In The Last Six Months Techdirt’s Antispam Algorithm Has Stopped Over A Million Spam Comments; Should We Lose 230 Protections For That?
The Supreme Court is currently deliberating whether or not algorithms deserve protections under Section 230. And I hear from lots of people that maybe Section 230 wasn’t meant to cover algorithmic policing and recommendations of content. But that’s utter nonsense.
The whole area of content moderation first came about as a response to the earliest versions of spam. And one thing that people learned quite quickly is that you can’t manually police for spam if your site has even the slightest level of popularity. It will get flooded.
This is why any site needs to have some sort of automation to deal with spam. Indeed, for years, Techdirt has actually been using a combination of multiple different tools and setups to fight spam comments, but I’d never really looked into the numbers until just recently (mostly on a whim because I found the setting where those stats are!), and it’s kinda stunning. First off, we get way more spam attempts than I had even realized.
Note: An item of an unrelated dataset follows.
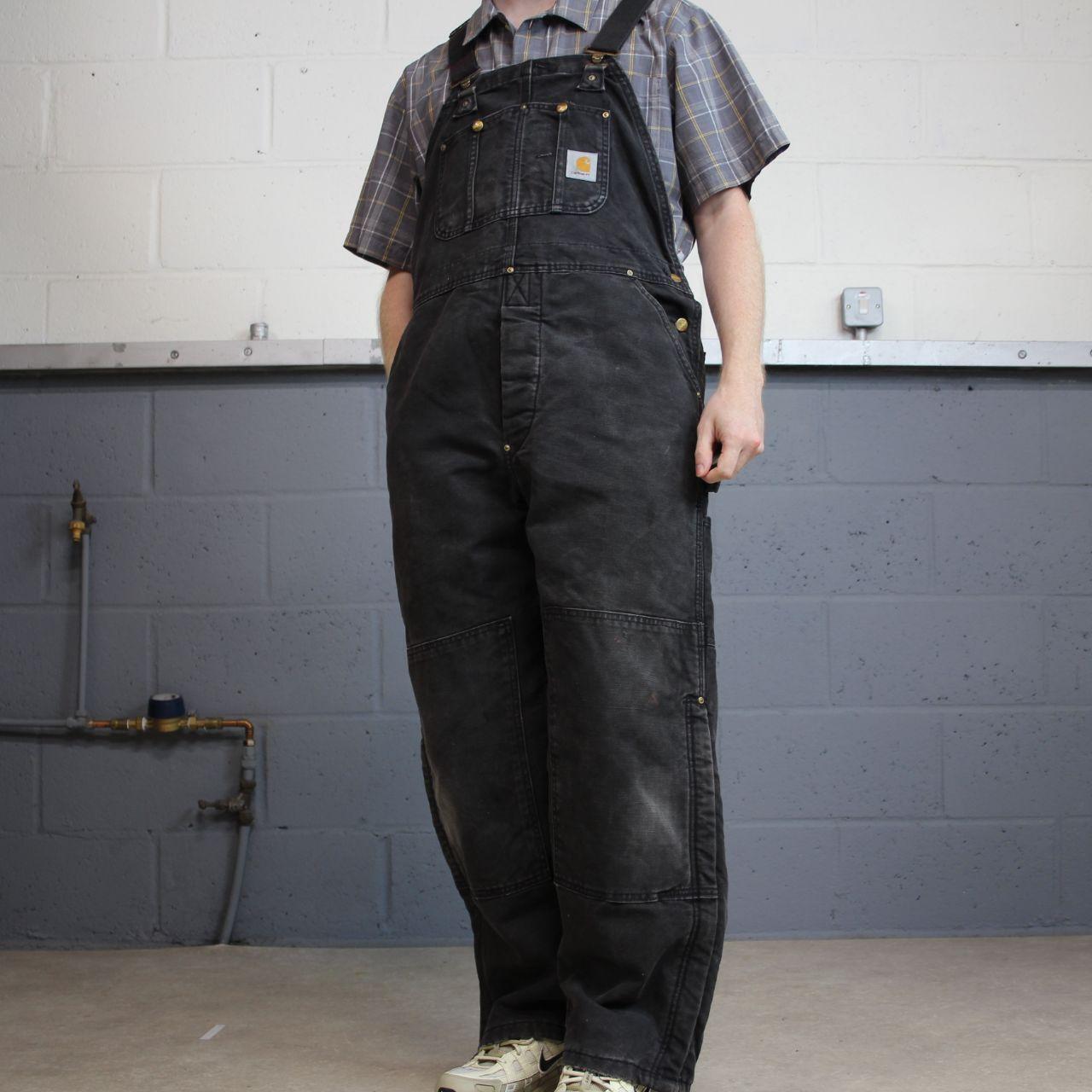 Carhartt baggy dungarees thick insulated overalls washed black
In the last six months alone, Techdirt received over 1.3 million attempts to spam our comments. That’s compared to the slightly over 40,000 legitimate comments we received in the same period. Here’s a chart of the spam comments per month:
I have no idea why spam grew so rapidly in January and February before falling in March, but even with 125,000+ spam messages in March, it completely dwarfs the amount of legitimate comments we got. The only possible way to keep up is to use automated systems. And, to be clear, while some small percentage of spam does get through, and we have a few legit comments caught in the spam filter, I’d argue we do a pretty good job of catching most spam, and allowing through most comments.
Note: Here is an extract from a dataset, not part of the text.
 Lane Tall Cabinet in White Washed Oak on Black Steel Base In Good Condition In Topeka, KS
But, the larger point: without the multiple algorithmic systems we use to catch spam, we’d never be able to manage that amount of spam. Hell, we couldn’t handle manually dealing with less than 1% of the spam we actually get attempted right now. It would overwhelm us.
So if the courts (or, horror of horrors, Congress) were to decide that “algorithms” no longer are protected under Section 230, it would destroy Techdirt. While the 1st Amendment would eventually protect us, the lack of 230 protections would make using a spam filter a liability that would open up the risk of having to fight a full legal battle just to prove our right to block spam comments.
As such, our choices would be to turn off the algorithms and let spam flow, shut down our comments entirely, or risk ruinous lawsuits for the “harm” of trying to stop spam with an automated filter.
Technological filters (i.e., algorithms) should obviously be protected by Section 230, because without them, we lose the ability to fight spam, and the amount of such content is truly overwhelming. And that’s just for us, a pretty small site. Imagine how larger sites are dealing with this stuff.
spam is evil
Without spam countermeasures there would be no forum. I used to use usenet quite a bit as a forum. Then spammers flooded it so bad it wasnt any good for anything else.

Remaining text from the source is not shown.